We called it our honeymoon—a belated one, like the gift of a portrait-bust of our boy at three years old, which Joe chaffed Miss Henrietta Montalba for presenting to us as a “wedding-present.” But none the less a honeymoon for that, though not of the conventional and luxurious type.

Many a funny experience attended Joe’s efforts to pursue in travel the economy which I had sternly sought to instil at home, and I am afraid that he never again fully resumed the good habit from which he then first broke away. Economy was not one of his virtues—was he not the son of an Irish-woman? But, then, generosity was. Burne-Jones once asked him why he took a cab to drive down the Strand, and he said it came cheaper, because if he walked he was sure to give half a crown to some former “stage-hand.” Yet when another day Burne-Jones himself was deceived by a plausible story and Joe cried in reproof: “Can’t you see that it’s only acting?” Burne-Jones replied: “Well, my dear, I’ve paid ten-and-six to see worse.”

But in the days of our first foreign trip my extravagant husband was still “trying to be good.”

I remember his taking the English prescription for a sedative to a small chemist on Lago Maggiore, whom he described as the alchymist in Romeo and Juliet; but when the dose, which at home represented about two tablespoonfuls, arrived in a straw covered quart “fiasco,” he preferred a night’s toothache to venturing on it.

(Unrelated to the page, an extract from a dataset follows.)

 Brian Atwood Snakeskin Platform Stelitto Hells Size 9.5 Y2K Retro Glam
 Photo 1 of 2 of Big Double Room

As representing his sympathetic understanding of one side of the Italian character, I might cite our going into the quaintest of curiosity shops in an old town where we had to wait at a junction, and his tendering a cheque in payment of a trifling purchase. I am bound to say he confessed afterwards that he had only bought me the trinket in the faint hope of getting the change he needed and that he was as surprised as I was to see the ox-eyed little hunchback unearth a beautiful ancient casket and hand him from it the gold required.

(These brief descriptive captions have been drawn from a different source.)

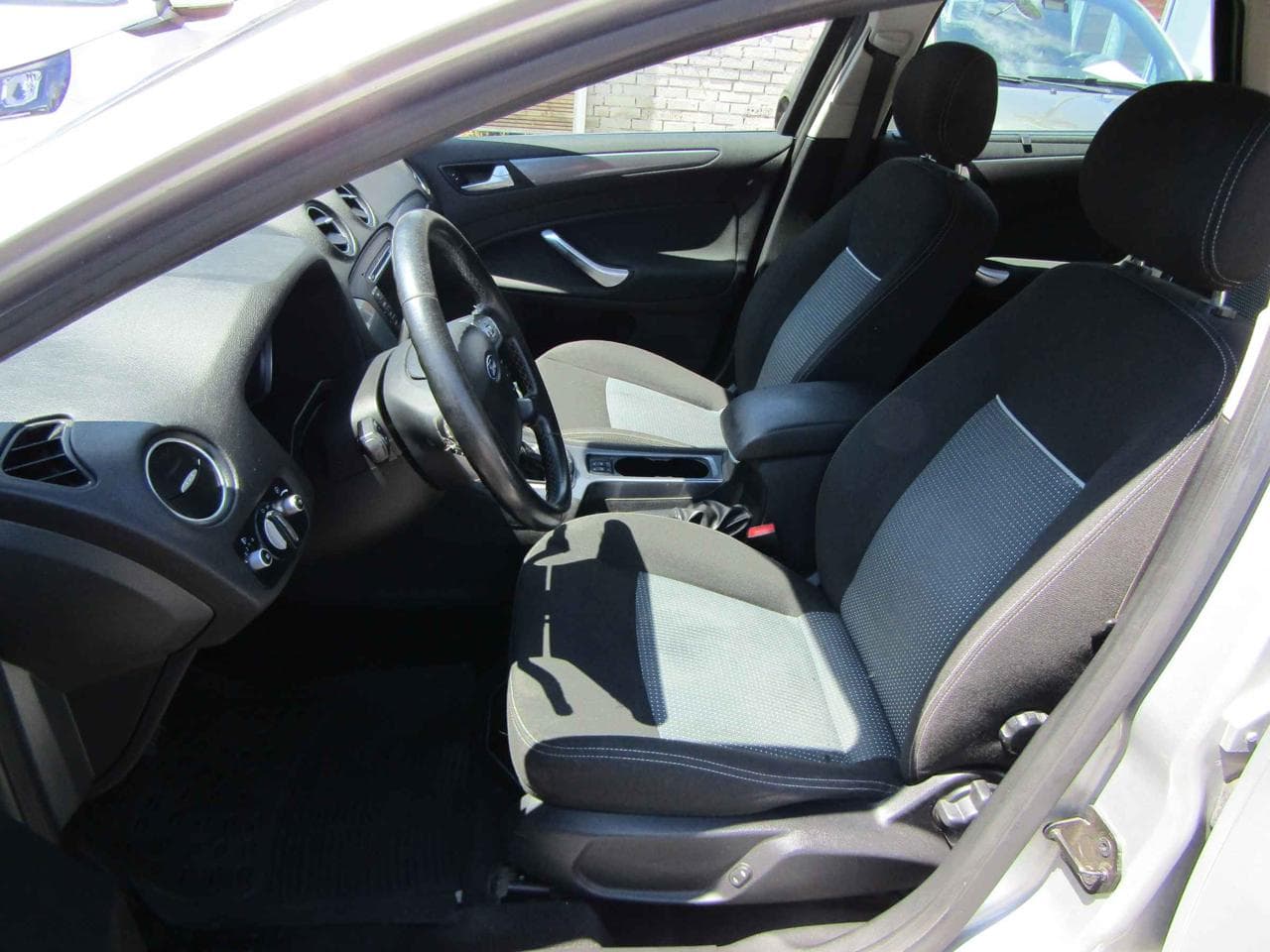 2012 Ford MONDEO - 9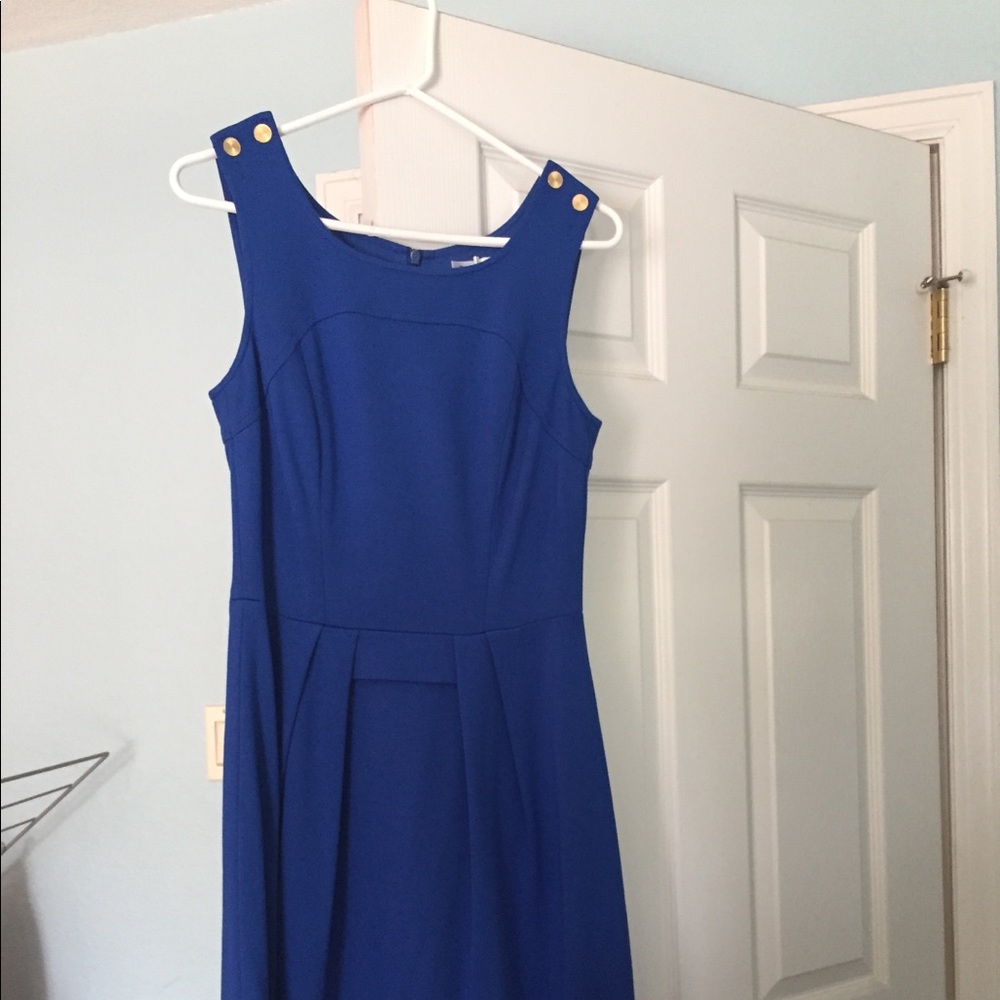 Sapphire size 4 Trina Turk cocktail dress.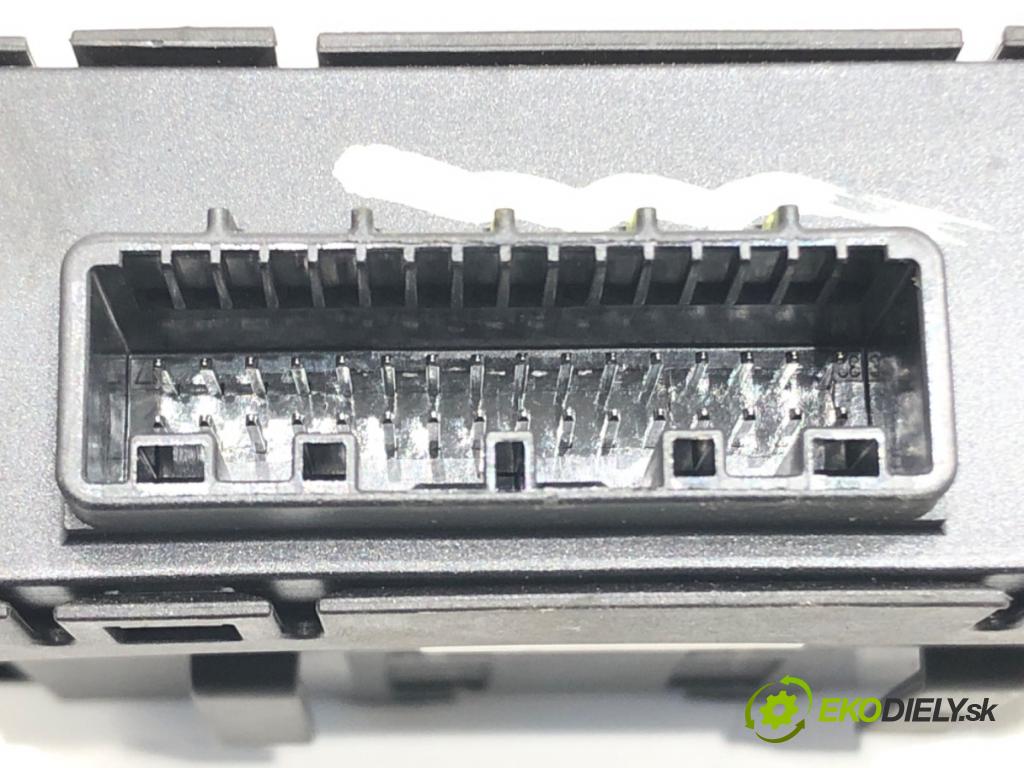 RENAULT CLIO V (B7_) 2019 - 2022    1.0 TCe 100 (B7MT) 74 kW [101 KM] benzyna 2019 - 2022  Modul komfortu 284Y6 6LA6D (Moduly komfortu)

Possibly the timid request having come from me in the man’s own dialect may have helped to confirm the impression of “good faith” given by Joe’s candid countenance; but he did naturally count on me; and on a different occasion when he was obstinately trying to drive a bargain with an unwisely grasping vetturino, his delight was great at the sudden drop of five francs in the demand of the astounded plunderer upon hearing his own vernacular from my indignant English lips.

There were many times when Joe would have none of my help. When we were staying on the Riviera he would go every day into the town in the rattling little omnibus that plied along the dusty road, succeeding by sheer kindred bonhomie in making friends with the drivers and rejoicing at the abusive epithet of “ugly microbe” suggested by some late epidemic, with which they used at the time merrily to bombard one another.

His best crony amongst the friends of my childhood was the old priest of our Apennine village who had taught me the piano when I was a little girl, in exchange—as he always averred—for my instruction in my own tongue.

I’m afraid his conversational English was little credit to me and not much better than Joe’s Italian, although the old man was a scholar and had taught himself enough, with occasional help from my father, to read Shakespeare in the original.

He pronounced the name with every vowel broad and separate, as in his Latin; this was easy in that case, but when he wanted to tell which were his “four favourite poets”—in which list he included musicians—he was sore put to it for the pronunciation of Byron, Beethoven and Bach.